## WHAT YOU ARE ASKED TO DO
Go to the line with "Simmondsia chinensis |" in the material below and copy from there through the line with "Singapore's Secret Forests", exactly. Pictures are not copied.

## EXERCISE MATERIALS
"""

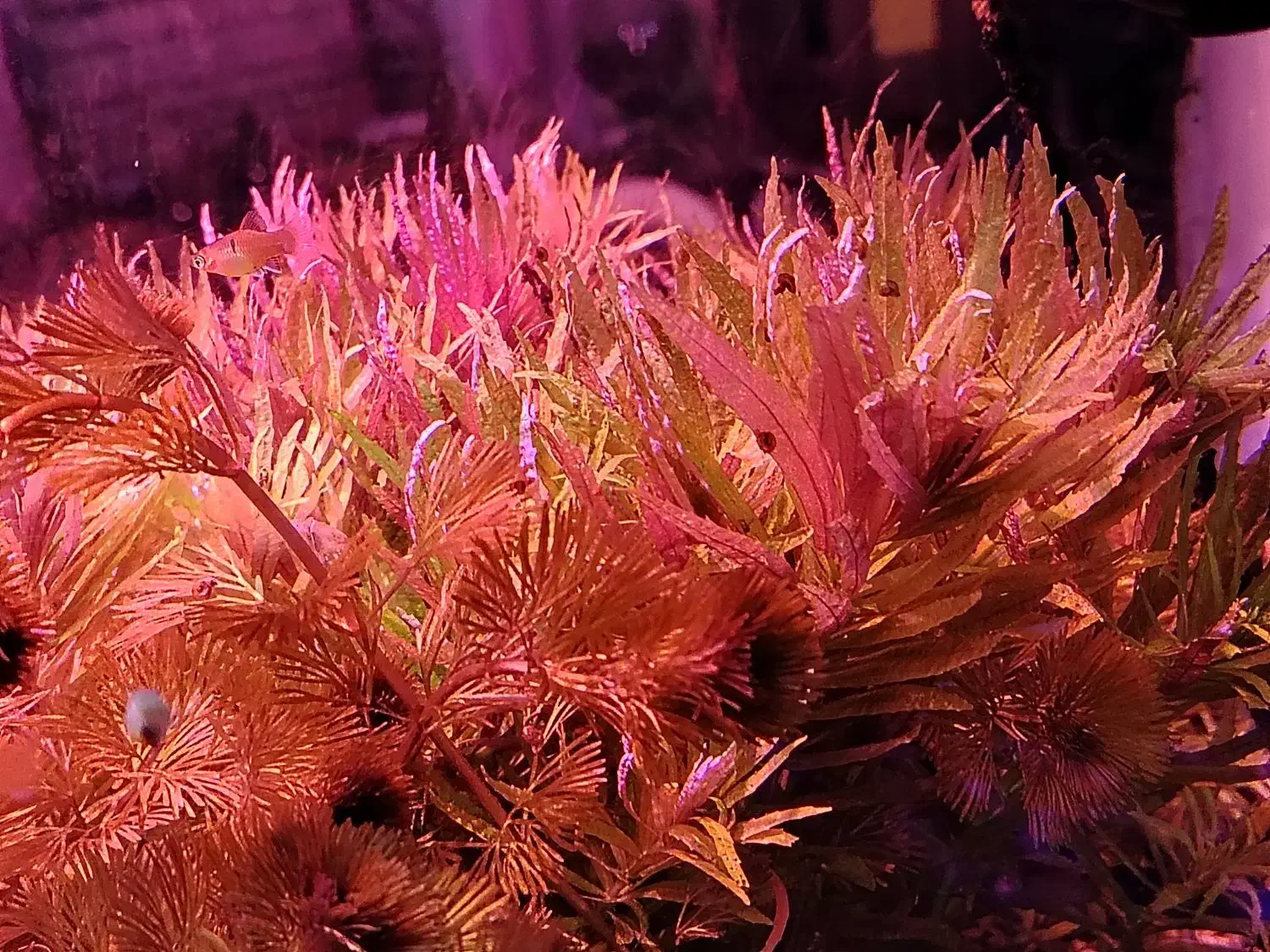 پلنت|ماهی|اصفهان, خواجو|دیوار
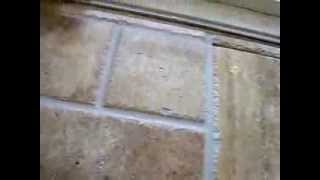 Diy Travertine tile floor installation without clogging fisher holes [upl. by Draned]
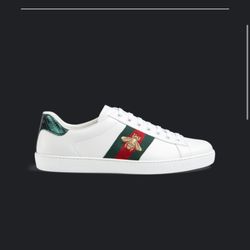 Gucci Shoes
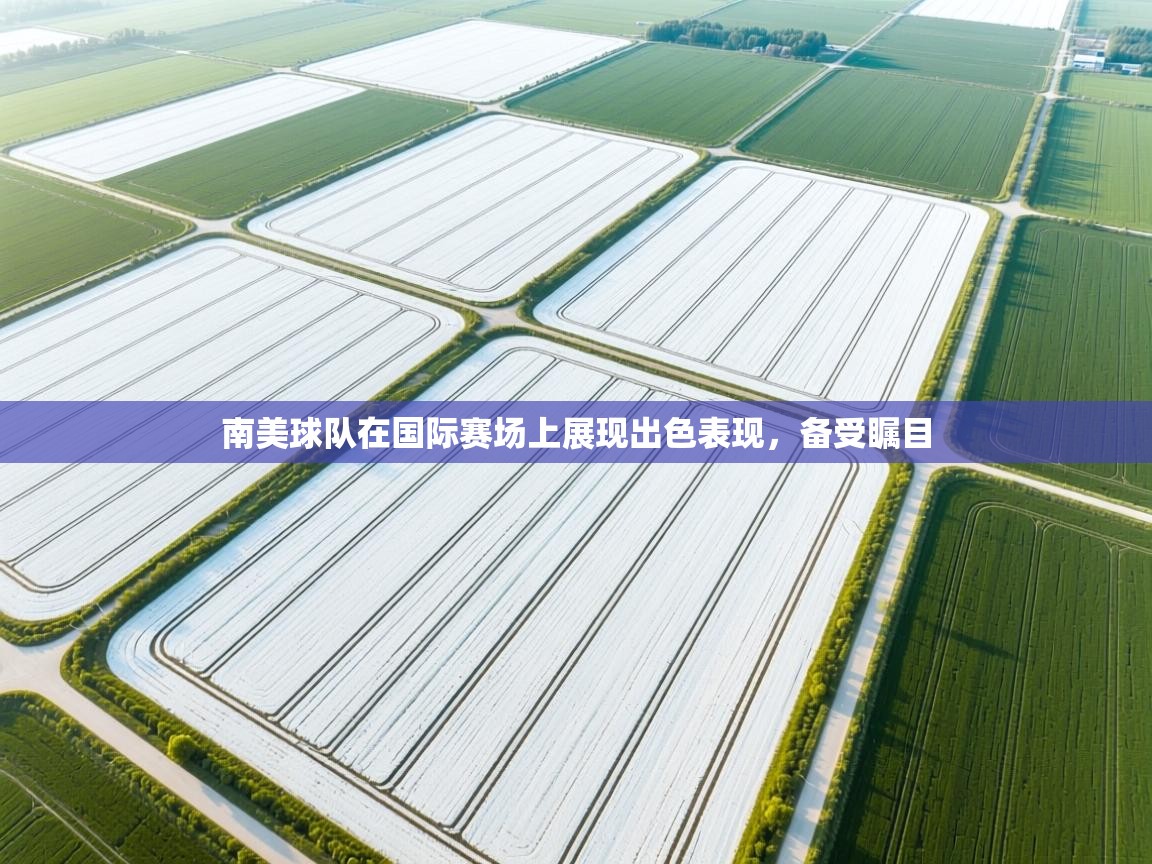 开云体育app下载链接-南美球队在国际赛场上展现出色表现,备受瞩目  第3张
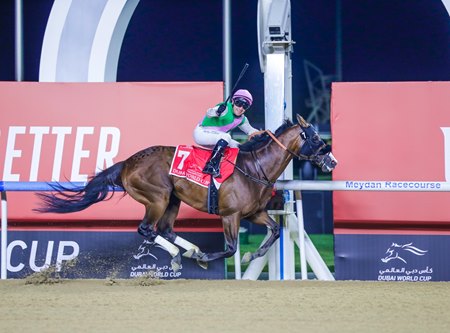 Laurel River wins the 2024 Dubai World Cup at Meydan Racecourse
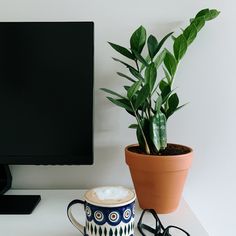 a potted plant sitting next to a computer monitor and eyeglasses on a desk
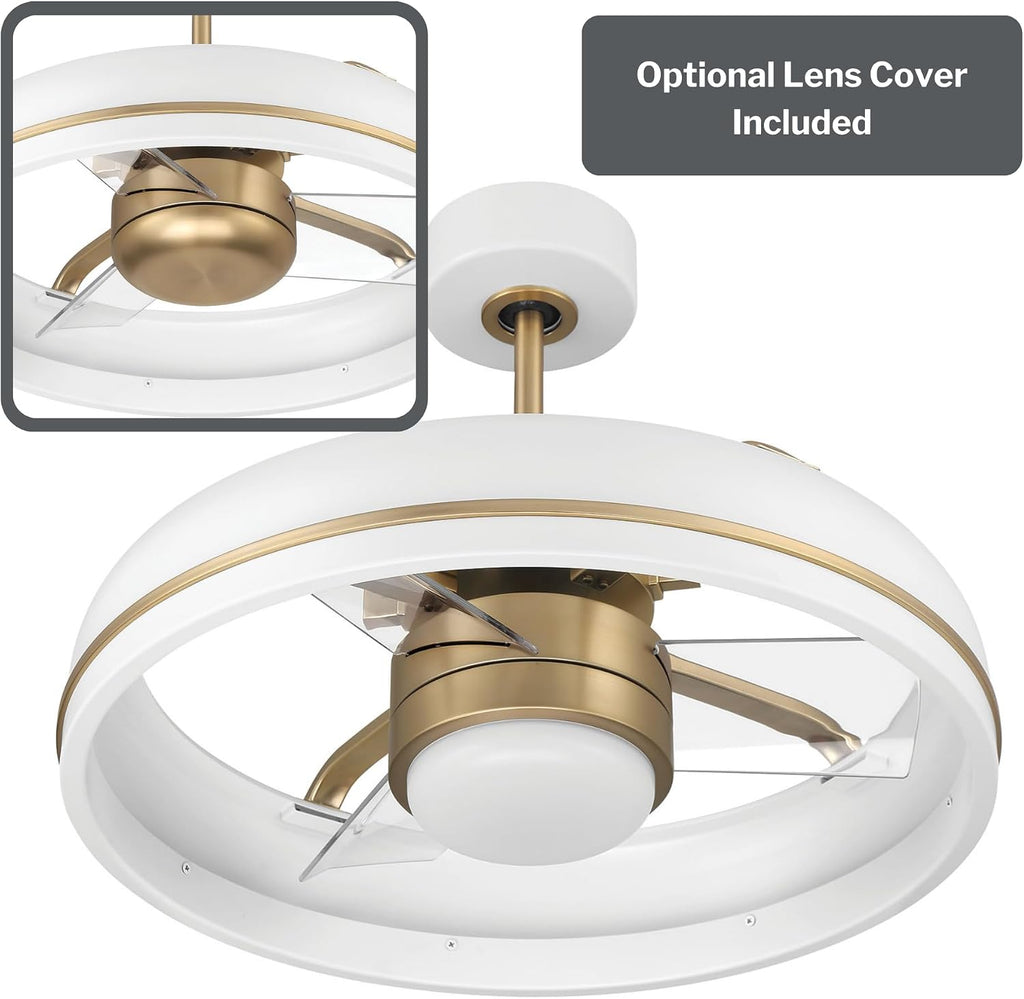 Craftmade TYL24WSB3-NWF Taylor 24 Inch 3 Blade Ceiling Fan | White and Satin Brass Finish with Clear Acrylic Blades | Integrated 1167 Lumens LED 3000K | Remote Included | DC Motor Indoor Fandelier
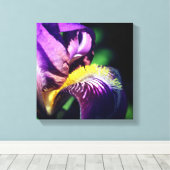 Paars gekruiste Iris Flower Petal Canvas Afdruk (Insitu (Houten vloer))
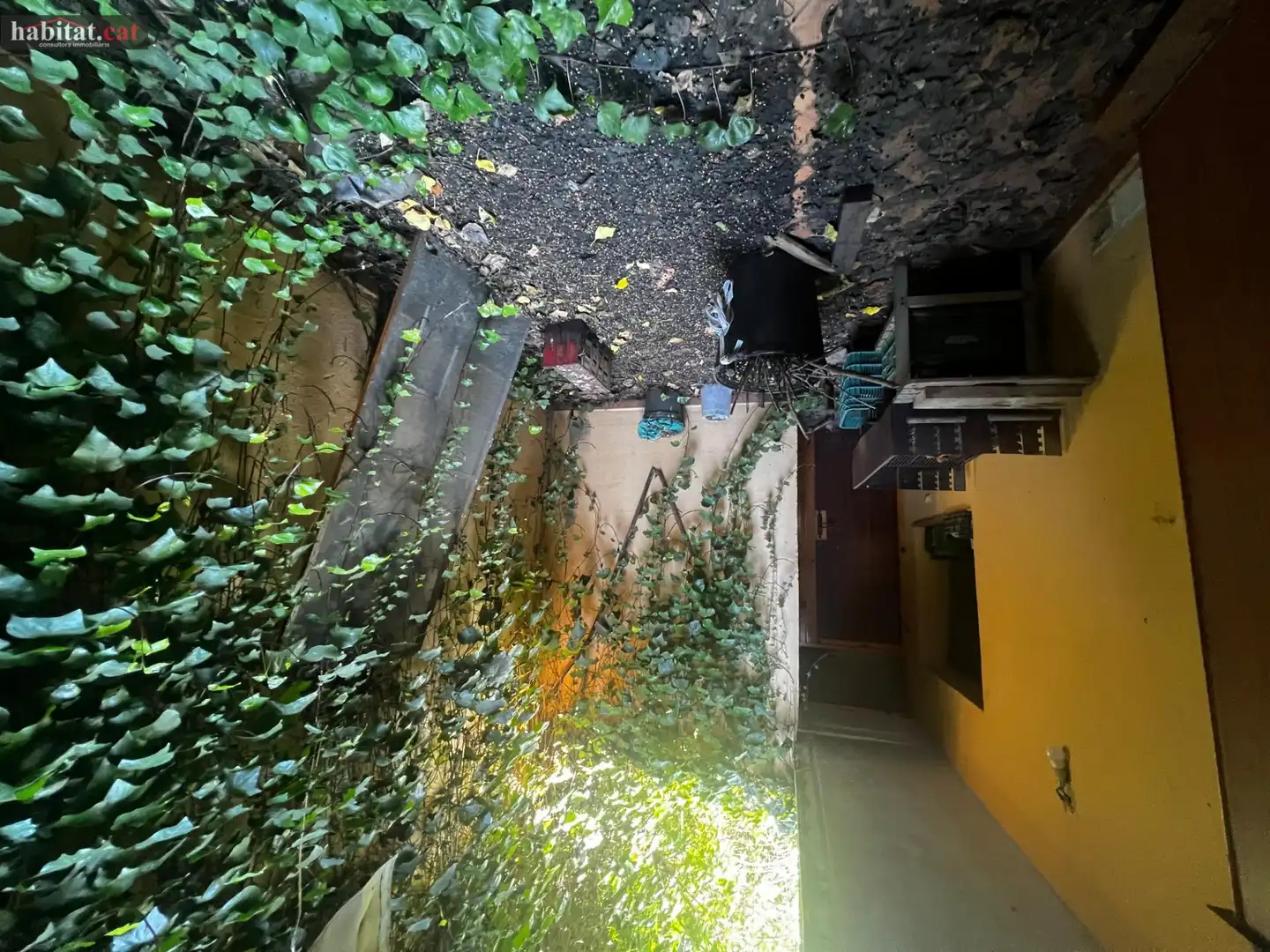 Houses for sale in Piera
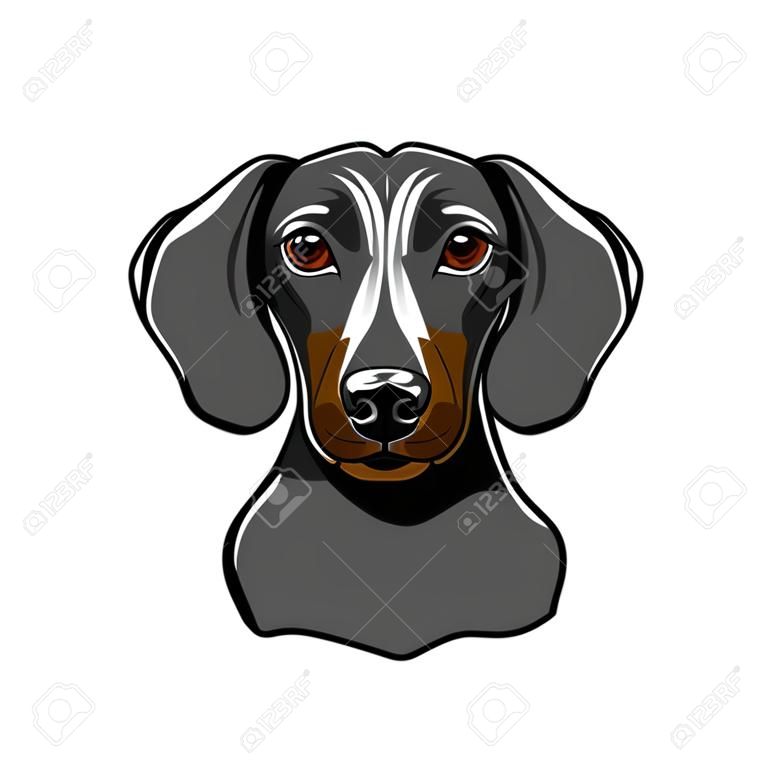 Portrait of dachshund dog with muscules. Vector illustration, isolated on white background.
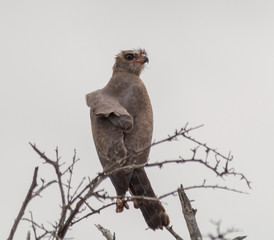 Harris Hawk on a branch, South Africa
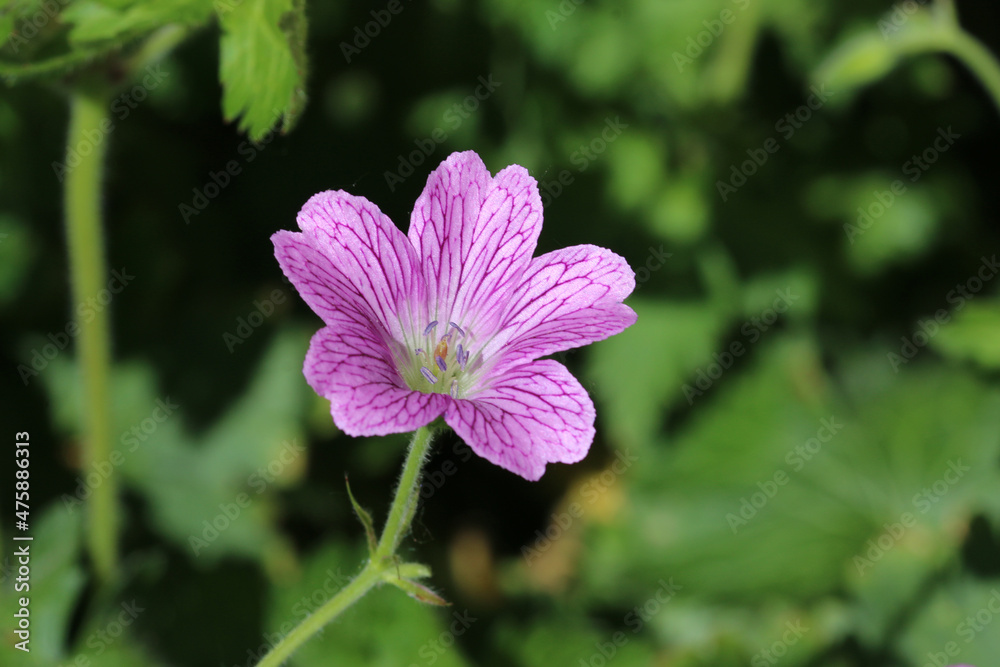 Pink cranesbill flower in close up Pink cranesbill flower in close up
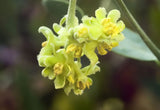 Simmondsia chinensis | Jojoba | Goat & Deer & Pig Nut | Wild Hazel | 5_Seeds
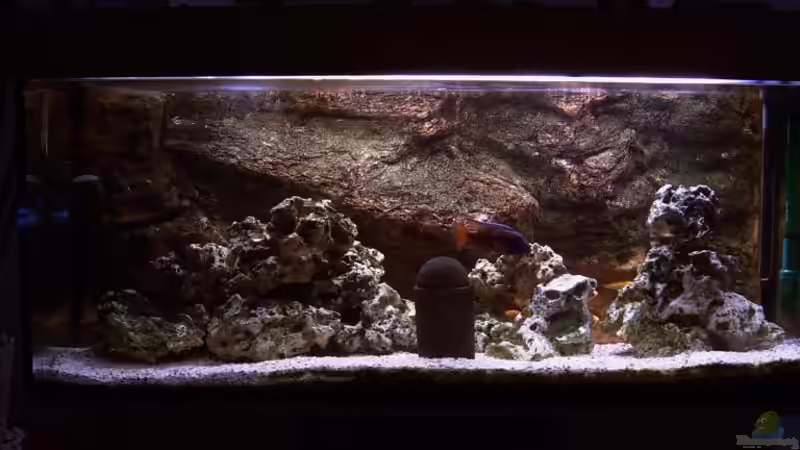 Aquarium Hauptansicht von Becken 1425 Aquarium Hauptansicht von Becken 1425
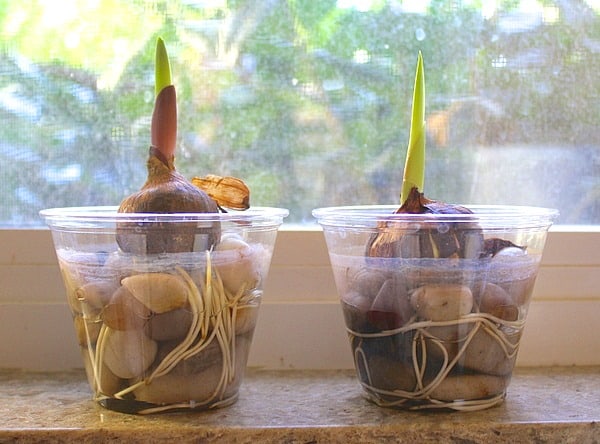 Science for Kids: Observing Plant Growth with Bulbs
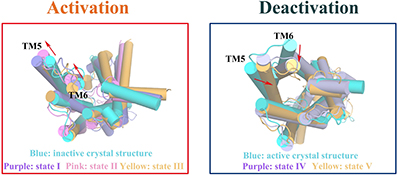 Graphical Abstract Image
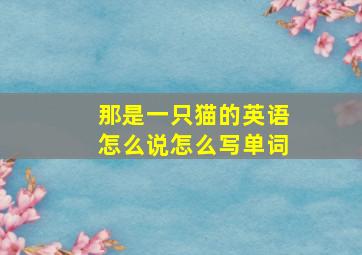 那是一只猫的英语怎么说怎么写单词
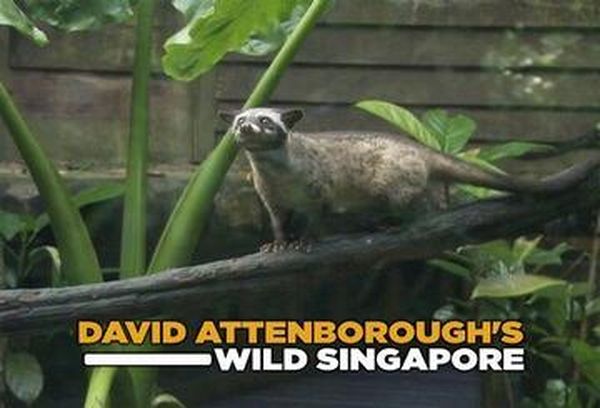 Singapore's Secret Forests With David Attenborough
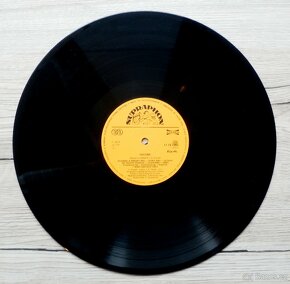 Československé dlouhohrající gramofonové desky, 8 kusů - 10
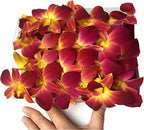 Miami Fresh Orchid Loose Bloom PERISHABLE flowers OrchidClub USA Sunne Tropical DIY lei, food & drink decoration (100 YELLOW)
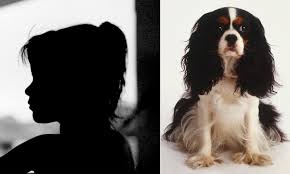King charles cocker spaniel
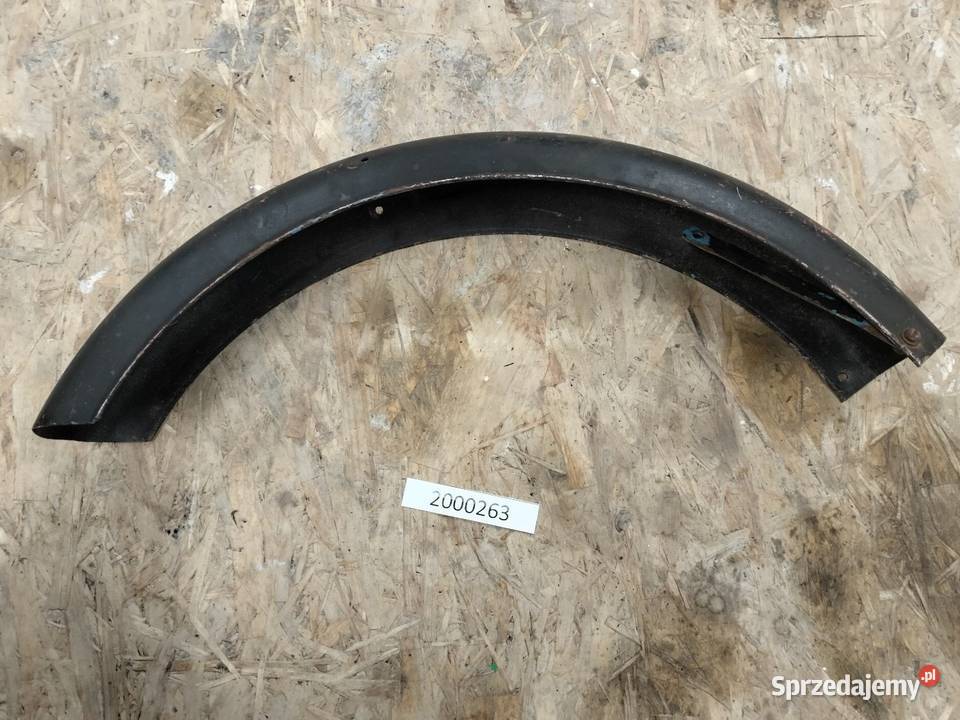 Komar błotnik przedni Rozkochów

"""

## RESULT OF THIS EXERCISE
 Simmondsia chinensis | Jojoba | Goat & Deer & Pig Nut | Wild Hazel | 5_Seeds
 Aquarium Hauptansicht von Becken 1425 Aquarium Hauptansicht von Becken 1425
 Science for Kids: Observing Plant Growth with Bulbs
 Graphical Abstract Image
 那是一只猫的英语怎么说怎么写单词
 Singapore's Secret Forests With David Attenborough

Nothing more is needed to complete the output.